Target Besar Pemerintah
Pemerintah sendiri menargetkan total investasi senilai Rp 13.032 triliun dalam lima tahun ke depan untuk mendukung ambisi pertumbuhan ekonomi sebesar 8%, sesuai visi Presiden terpilih Prabowo Subianto.
Sinyal positif mulai terlihat pada kuartal pertama 2025, di mana realisasi investasi mencapai Rp 465 triliun dari target tahunan sebesar Rp 1.905 triliun. Namun, Todotua menekankan bahwa capaian ini belum cukup. “Kalau kita ingin mencapai target besar itu, perbaikan sistem perizinan, peningkatan kemudahan berusaha, dan penguatan daya saing harus menjadi prioritas,” tambahnya.
Langkah Perbaikan
Untuk mengatasi permasalahan ini, Kementerian Investasi tengah mendorong reformasi besar-besaran, termasuk digitalisasi perizinan, pemangkasan prosedur birokrasi, serta mempercepat implementasi sistem Online Single Submission (OSS) berbasis risiko.

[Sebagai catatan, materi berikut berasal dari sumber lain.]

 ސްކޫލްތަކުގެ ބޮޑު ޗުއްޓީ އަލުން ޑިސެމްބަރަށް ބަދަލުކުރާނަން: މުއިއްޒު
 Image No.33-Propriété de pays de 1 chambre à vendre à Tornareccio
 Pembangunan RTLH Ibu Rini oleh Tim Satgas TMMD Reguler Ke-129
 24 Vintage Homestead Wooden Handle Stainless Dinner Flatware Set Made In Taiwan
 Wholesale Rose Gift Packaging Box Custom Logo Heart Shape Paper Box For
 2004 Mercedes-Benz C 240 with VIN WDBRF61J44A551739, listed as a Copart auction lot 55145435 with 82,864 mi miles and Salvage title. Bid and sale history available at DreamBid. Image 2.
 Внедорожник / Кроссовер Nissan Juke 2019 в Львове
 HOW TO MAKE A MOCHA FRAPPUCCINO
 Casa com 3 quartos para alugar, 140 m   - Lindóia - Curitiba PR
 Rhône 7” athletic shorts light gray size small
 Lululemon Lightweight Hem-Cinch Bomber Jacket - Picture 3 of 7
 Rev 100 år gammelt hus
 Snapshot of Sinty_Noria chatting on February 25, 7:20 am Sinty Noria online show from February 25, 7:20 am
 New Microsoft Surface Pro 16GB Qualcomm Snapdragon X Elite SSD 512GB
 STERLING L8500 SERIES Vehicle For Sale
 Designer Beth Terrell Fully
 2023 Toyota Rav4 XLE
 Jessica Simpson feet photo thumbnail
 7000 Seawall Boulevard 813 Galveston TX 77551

Selain itu, pemerintah juga berencana memperbanyak insentif bagi investor, khususnya di sektor-sektor prioritas seperti manufaktur, hilirisasi mineral, dan energi terbarukan.
“Indonesia punya potensi besar. Kalau kita bisa memperbaiki iklim investasi, bukan tidak mungkin kita menjadi tujuan utama investasi di kawasan Asia,” tutup Todotua penuh optimisme.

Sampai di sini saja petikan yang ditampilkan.